Further questions regarding sorbate. How long will the inhibiting action last? Does it settle out and collect in the lees? Can a ferment be restarted after waiting a reasonable amount of time? After racking.
If sorbate has been added, and it is decided to get a higher abv, will adding sugar and a yeast starter do the trick?
This is strictly a hypothetical situation, you understand.
It is better if you start a new thread with your questions, but we will do it here since we are already here.
A reasonable amount of time??? That is very subjective. A month - it won't restart; a year - maybe, maybe not. After the sorbate has been present for 6 months, if one adds more yeast and some sugar, I'd bet it will start fermentation, but I can't say that for certain.

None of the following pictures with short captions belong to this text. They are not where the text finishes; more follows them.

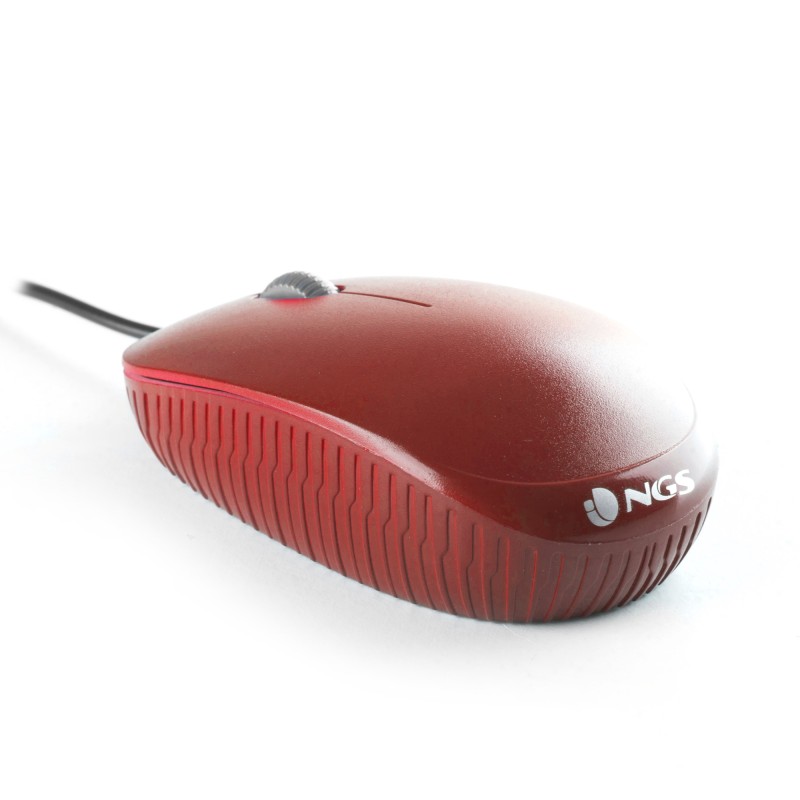 NGS Flame Rato Com Fios USB 1000 DPI Ótico 2 Botões Vermelho - FLAMERED - 8435430606195
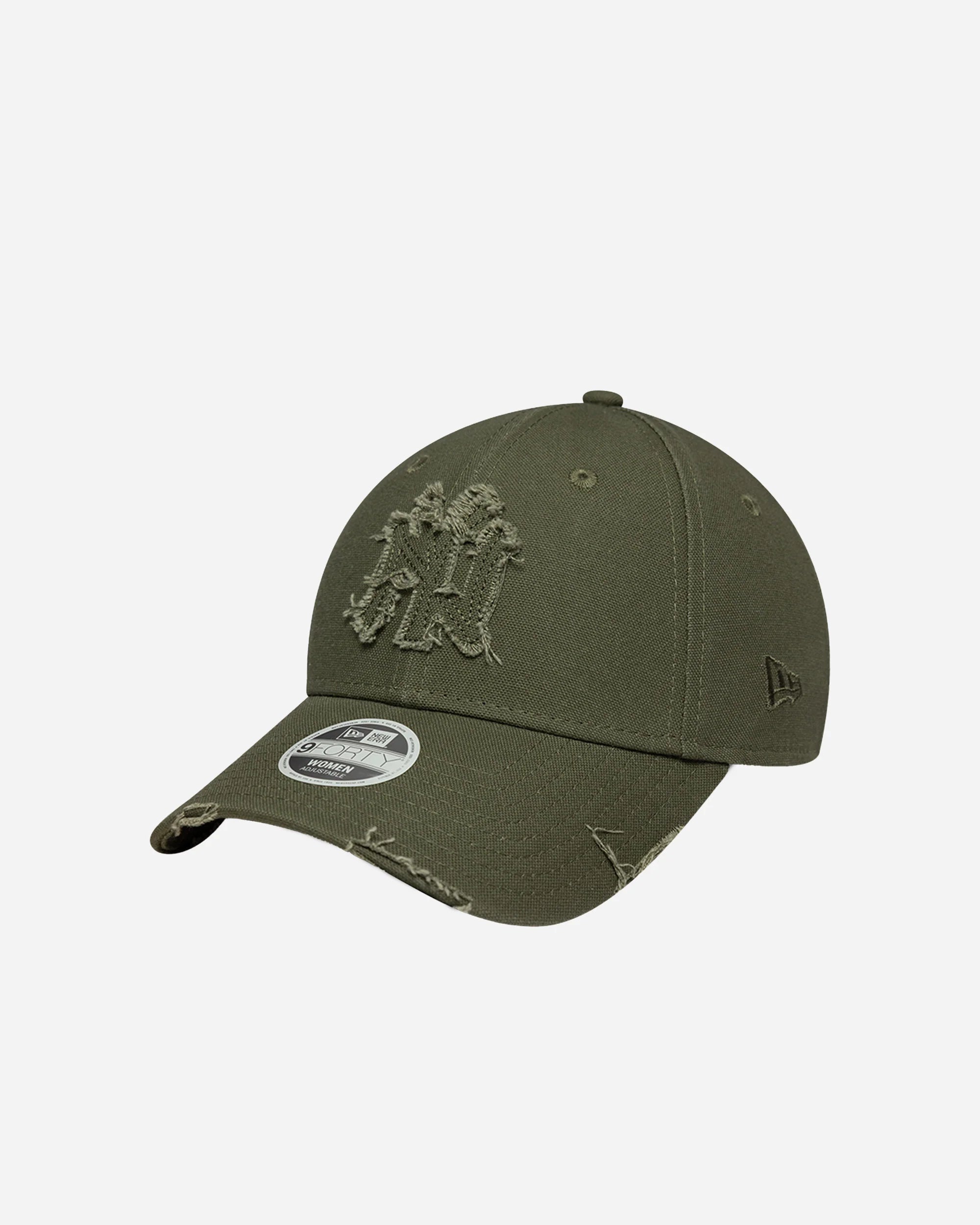 NEW ERA 9FORTY NEW YORK YANKEES DISTRESSED 60758944 – VERDE CAPPELLINO DONNA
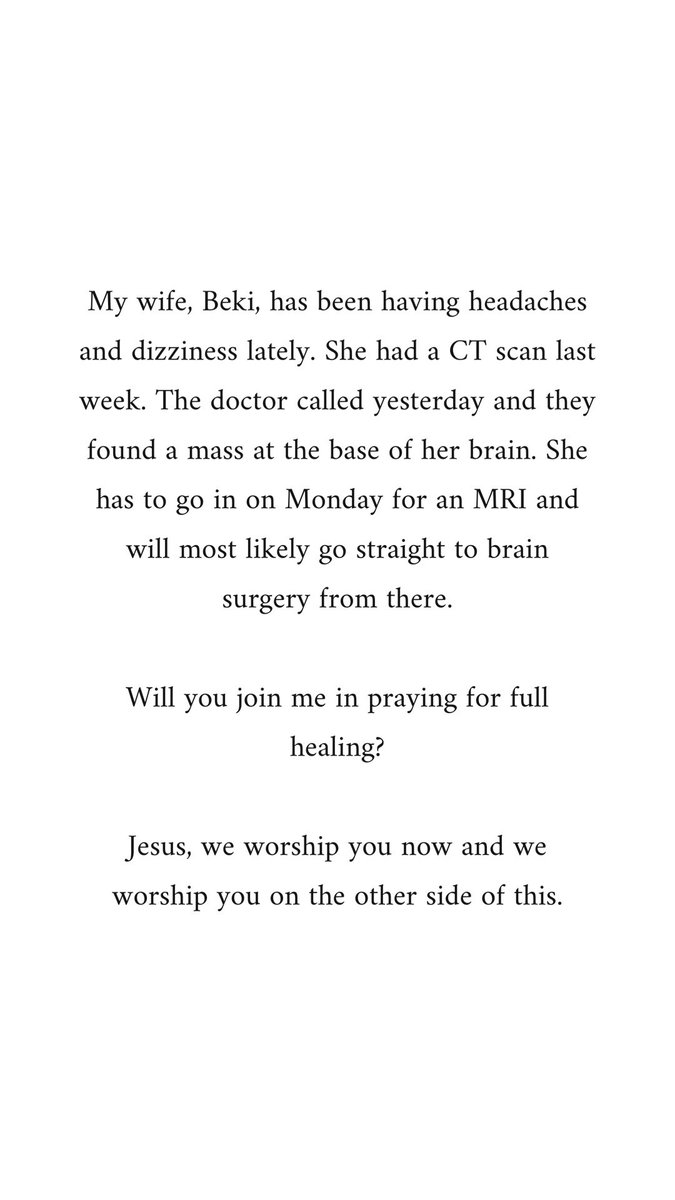 brandongrissom's tweet photo. Please pray for Beki. https://t.co/QTQqLyYFeq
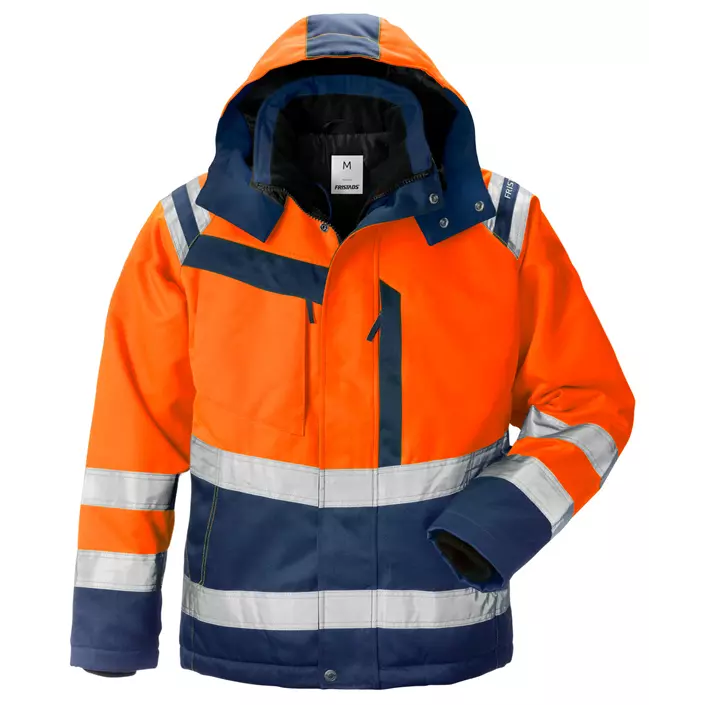 Fristads women's winter jacket 4143 PP, Hi-vis Orange/Marine, large image number 0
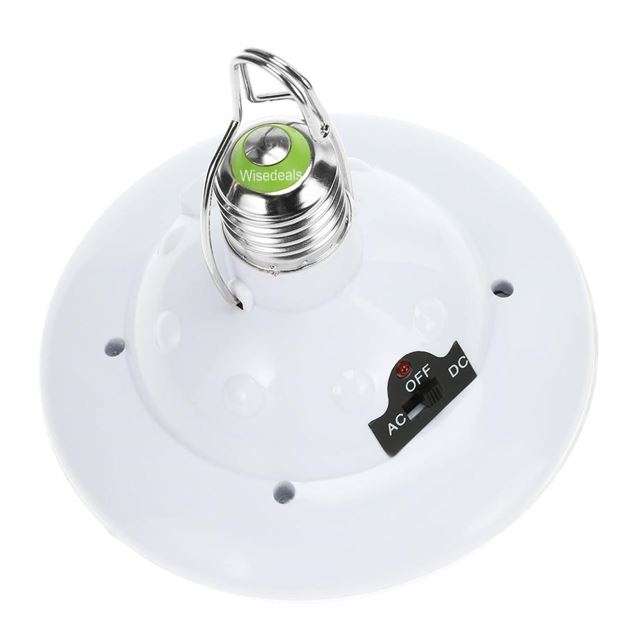 AC/DC Emergency Light & Remote - Turns on Automatically With Power Failure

Sorbate works on the yeast that are present in the wine at the time it is added to the wine. Of course some of it can stay around for a longer time, even after several rackings. Some new yeast can always find their way into the wine at a later date.
I think the whole idea is to add the sorbate, then back sweeten immediately after. if you don't want to back sweeten right away, don't add the sorbate until you do.
Since sorbate doesn't kill the yeast, but only renders them unable to multiply, it works pretty fast. Even after racking the wine several times, I would not expect one normally would ever add more sugar and expect fermentation to get started again. That is the whole idea of adding sorbate, so the wine is protected when back sweetening.
However, again I have to ask what "is a reasonable amount of time"? If one waits a very long time, what I say will not be true. The effects of any such wine chemical will wear off eventually. To get specifics, this is a question one should ask the company that packages the sorbate.